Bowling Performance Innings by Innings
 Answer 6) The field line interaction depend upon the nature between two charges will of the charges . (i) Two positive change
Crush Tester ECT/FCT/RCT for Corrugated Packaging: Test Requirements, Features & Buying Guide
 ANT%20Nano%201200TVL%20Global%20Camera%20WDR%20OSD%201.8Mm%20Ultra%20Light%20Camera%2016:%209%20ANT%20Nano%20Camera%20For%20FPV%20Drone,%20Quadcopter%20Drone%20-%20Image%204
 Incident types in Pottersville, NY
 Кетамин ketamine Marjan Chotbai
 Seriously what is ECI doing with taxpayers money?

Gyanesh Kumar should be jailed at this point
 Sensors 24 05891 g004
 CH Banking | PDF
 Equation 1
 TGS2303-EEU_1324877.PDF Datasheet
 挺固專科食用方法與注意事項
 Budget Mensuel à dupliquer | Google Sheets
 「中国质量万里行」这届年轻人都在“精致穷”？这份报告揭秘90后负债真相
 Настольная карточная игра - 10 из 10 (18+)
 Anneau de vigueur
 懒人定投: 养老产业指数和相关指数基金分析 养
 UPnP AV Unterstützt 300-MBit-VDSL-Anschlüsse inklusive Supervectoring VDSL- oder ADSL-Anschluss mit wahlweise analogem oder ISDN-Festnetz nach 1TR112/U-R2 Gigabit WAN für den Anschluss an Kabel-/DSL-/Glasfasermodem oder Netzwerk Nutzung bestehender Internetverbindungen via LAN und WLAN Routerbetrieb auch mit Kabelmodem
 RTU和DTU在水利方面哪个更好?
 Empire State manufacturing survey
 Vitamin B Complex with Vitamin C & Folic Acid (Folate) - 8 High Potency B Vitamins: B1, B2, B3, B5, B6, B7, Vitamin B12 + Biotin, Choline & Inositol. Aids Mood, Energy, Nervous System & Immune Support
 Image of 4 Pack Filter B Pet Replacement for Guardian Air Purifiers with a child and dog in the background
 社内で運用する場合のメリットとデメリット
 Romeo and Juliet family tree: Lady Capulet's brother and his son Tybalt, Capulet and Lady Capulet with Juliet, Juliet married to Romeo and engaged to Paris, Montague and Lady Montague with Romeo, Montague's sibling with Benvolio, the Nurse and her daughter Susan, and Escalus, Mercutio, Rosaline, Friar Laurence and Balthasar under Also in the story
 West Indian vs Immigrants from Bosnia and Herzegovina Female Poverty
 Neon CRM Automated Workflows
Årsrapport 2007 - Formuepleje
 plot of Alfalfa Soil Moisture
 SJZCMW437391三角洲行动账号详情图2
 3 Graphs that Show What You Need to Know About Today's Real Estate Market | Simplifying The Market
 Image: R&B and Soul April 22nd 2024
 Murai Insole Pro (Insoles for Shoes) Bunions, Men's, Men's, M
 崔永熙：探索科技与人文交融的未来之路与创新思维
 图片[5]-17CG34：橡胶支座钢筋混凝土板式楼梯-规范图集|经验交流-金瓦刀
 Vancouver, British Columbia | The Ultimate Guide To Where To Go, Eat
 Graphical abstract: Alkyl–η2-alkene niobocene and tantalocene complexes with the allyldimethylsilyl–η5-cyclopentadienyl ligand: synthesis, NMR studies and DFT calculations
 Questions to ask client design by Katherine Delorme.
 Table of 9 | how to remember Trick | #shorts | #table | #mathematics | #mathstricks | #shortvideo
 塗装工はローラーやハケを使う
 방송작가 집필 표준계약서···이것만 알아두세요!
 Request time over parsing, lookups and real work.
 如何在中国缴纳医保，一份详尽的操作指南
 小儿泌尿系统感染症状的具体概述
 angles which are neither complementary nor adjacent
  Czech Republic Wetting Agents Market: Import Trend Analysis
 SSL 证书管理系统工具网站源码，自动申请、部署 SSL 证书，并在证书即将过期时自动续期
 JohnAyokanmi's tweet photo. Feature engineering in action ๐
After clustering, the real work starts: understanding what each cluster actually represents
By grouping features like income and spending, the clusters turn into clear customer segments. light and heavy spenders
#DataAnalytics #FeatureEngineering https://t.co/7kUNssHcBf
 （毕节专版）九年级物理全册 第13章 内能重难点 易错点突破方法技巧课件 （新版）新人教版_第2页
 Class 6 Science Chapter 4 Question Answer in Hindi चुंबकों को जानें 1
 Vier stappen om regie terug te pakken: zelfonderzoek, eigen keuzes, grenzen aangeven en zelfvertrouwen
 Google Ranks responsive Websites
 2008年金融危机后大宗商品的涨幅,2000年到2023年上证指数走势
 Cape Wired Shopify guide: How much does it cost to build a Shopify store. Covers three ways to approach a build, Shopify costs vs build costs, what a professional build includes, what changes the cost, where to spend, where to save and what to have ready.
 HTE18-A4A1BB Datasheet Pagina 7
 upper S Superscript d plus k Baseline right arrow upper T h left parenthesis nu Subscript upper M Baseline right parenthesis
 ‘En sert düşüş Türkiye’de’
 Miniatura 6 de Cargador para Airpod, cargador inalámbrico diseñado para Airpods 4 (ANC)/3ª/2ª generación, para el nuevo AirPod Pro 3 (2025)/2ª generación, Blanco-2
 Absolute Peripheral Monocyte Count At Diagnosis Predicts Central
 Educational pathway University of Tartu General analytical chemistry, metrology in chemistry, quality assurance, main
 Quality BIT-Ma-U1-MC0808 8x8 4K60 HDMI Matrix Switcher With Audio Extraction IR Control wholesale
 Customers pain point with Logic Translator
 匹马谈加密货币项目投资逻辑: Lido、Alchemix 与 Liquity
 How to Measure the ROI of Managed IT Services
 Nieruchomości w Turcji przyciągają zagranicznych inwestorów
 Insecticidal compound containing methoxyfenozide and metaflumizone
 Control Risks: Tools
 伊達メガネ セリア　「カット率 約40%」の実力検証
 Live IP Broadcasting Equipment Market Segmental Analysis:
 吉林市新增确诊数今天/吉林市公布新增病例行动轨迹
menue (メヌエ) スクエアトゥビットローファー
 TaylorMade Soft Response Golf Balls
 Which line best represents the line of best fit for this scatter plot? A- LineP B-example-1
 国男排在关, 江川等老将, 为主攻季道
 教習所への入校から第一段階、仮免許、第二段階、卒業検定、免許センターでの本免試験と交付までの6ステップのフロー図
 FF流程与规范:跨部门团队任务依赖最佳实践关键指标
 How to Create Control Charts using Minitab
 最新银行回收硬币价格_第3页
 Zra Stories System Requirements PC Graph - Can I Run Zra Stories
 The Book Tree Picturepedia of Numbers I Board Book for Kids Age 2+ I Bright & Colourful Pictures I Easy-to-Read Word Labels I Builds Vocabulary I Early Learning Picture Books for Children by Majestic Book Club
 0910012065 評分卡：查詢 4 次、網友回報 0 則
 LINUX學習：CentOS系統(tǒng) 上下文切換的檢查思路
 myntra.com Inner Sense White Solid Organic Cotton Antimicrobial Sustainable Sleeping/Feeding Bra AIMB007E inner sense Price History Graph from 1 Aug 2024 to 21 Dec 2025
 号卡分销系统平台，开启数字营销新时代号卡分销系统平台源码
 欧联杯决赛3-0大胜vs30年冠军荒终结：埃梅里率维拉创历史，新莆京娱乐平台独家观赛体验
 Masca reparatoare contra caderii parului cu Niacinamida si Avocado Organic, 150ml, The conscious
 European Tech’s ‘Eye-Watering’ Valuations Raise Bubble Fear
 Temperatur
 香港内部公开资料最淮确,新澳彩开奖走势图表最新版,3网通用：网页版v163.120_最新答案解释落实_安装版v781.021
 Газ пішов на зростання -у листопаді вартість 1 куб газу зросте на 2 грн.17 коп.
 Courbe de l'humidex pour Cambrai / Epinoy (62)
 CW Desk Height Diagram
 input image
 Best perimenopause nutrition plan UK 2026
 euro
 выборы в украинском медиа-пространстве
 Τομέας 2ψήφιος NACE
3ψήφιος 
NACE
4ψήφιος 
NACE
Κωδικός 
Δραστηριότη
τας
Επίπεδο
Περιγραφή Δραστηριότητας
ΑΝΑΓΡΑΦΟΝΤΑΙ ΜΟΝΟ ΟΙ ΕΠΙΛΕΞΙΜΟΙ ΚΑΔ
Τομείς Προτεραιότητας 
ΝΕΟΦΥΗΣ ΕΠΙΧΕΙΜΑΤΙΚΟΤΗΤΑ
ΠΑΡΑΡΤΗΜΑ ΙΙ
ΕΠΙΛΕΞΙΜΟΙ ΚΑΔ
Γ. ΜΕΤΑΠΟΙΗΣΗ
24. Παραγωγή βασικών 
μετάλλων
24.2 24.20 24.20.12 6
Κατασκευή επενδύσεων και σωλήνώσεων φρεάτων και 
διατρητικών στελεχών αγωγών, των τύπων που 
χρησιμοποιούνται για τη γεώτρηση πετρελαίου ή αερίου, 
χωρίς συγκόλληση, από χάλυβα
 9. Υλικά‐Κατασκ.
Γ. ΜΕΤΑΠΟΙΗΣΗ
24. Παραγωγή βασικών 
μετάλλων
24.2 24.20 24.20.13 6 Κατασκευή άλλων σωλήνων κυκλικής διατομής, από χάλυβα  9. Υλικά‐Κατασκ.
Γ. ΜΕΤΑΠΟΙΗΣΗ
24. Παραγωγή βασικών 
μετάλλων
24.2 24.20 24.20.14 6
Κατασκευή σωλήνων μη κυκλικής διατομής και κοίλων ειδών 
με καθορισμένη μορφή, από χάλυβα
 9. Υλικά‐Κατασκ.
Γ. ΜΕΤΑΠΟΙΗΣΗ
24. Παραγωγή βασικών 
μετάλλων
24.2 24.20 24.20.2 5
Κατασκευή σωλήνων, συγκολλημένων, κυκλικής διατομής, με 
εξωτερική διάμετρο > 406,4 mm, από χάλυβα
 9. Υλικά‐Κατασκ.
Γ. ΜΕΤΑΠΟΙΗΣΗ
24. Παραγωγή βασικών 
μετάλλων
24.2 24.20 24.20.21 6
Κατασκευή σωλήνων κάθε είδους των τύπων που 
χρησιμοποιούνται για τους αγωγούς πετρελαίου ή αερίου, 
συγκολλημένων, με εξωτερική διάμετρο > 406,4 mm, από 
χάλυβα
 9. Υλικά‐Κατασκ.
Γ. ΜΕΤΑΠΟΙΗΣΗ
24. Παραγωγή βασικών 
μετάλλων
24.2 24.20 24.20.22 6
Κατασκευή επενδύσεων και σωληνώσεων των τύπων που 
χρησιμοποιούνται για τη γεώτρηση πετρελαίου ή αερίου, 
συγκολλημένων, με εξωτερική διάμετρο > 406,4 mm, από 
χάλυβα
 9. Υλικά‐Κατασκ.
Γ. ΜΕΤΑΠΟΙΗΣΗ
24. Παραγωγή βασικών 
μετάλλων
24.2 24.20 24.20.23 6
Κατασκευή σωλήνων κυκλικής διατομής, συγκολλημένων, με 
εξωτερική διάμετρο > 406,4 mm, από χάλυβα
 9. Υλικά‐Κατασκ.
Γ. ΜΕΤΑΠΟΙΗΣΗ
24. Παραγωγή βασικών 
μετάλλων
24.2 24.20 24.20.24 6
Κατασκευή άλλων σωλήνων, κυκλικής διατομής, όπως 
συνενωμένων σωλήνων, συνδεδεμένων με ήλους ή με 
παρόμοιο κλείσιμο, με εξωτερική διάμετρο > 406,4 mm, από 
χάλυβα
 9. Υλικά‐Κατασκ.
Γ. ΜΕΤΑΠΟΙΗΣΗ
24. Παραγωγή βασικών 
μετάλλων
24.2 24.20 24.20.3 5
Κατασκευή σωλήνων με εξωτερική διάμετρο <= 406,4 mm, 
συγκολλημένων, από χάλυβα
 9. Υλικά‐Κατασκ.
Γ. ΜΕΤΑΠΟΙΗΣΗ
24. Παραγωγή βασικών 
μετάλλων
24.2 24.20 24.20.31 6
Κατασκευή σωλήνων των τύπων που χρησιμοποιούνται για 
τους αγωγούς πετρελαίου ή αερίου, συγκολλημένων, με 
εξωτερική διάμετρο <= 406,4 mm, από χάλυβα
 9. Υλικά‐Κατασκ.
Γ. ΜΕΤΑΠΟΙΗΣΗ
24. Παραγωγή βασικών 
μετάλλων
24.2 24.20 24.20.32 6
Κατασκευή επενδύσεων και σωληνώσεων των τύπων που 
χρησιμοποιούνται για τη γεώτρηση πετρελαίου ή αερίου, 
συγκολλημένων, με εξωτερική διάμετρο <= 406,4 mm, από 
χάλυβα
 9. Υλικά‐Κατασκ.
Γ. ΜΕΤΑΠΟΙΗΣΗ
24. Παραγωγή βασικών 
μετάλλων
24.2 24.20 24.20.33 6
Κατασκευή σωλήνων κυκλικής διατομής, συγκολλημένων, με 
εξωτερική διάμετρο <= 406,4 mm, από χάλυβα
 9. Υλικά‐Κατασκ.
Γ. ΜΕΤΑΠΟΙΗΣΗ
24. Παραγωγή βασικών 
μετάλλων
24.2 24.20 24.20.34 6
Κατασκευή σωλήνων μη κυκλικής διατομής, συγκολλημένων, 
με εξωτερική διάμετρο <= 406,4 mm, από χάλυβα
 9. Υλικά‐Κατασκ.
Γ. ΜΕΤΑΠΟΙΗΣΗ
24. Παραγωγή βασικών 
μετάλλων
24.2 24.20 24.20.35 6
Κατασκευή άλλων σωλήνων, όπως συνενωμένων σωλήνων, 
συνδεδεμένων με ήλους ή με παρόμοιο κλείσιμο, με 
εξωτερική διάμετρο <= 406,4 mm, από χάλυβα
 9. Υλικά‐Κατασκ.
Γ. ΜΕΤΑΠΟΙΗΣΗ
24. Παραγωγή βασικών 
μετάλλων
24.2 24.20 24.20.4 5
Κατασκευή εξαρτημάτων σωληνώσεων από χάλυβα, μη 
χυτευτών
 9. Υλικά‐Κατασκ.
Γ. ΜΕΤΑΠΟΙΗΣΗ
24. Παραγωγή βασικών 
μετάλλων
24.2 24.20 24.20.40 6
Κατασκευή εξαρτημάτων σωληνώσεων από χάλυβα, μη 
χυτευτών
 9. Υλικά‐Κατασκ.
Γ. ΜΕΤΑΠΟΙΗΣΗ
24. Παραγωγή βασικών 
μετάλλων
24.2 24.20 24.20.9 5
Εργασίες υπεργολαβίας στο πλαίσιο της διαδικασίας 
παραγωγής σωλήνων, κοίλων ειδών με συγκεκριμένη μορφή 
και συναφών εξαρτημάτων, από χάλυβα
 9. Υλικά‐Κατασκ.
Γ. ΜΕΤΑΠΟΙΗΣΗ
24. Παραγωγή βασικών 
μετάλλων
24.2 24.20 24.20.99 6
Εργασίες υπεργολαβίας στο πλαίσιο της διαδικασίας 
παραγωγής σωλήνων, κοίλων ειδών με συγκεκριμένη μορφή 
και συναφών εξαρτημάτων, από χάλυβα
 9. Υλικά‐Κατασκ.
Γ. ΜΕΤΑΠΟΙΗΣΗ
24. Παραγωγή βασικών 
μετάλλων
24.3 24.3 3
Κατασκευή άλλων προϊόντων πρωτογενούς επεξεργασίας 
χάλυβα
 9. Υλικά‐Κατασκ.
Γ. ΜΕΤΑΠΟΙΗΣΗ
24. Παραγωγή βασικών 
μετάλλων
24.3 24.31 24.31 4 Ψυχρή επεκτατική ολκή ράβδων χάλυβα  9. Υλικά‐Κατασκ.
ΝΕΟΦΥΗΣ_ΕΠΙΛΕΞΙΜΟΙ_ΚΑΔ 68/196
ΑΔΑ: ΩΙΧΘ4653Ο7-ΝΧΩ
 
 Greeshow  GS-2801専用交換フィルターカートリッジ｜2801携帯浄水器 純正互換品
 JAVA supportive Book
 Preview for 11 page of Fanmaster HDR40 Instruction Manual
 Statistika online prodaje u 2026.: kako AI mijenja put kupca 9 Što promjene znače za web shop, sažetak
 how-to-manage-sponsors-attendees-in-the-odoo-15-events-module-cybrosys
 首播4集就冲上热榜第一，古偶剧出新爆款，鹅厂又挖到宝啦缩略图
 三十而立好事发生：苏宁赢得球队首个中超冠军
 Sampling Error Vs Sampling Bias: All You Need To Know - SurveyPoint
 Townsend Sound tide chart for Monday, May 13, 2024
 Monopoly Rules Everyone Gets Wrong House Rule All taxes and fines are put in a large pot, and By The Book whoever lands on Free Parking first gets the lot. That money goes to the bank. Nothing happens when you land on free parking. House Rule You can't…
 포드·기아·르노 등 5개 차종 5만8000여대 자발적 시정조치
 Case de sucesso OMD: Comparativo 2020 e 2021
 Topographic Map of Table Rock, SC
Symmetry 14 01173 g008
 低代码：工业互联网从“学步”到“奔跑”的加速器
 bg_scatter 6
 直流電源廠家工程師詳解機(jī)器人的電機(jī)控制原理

Prompt —
When the word "this" shows up in a line of the entries, report that line.

Solution —
Gyanesh Kumar should be jailed at this point
 Which line best represents the line of best fit for this scatter plot? A- LineP B-example-1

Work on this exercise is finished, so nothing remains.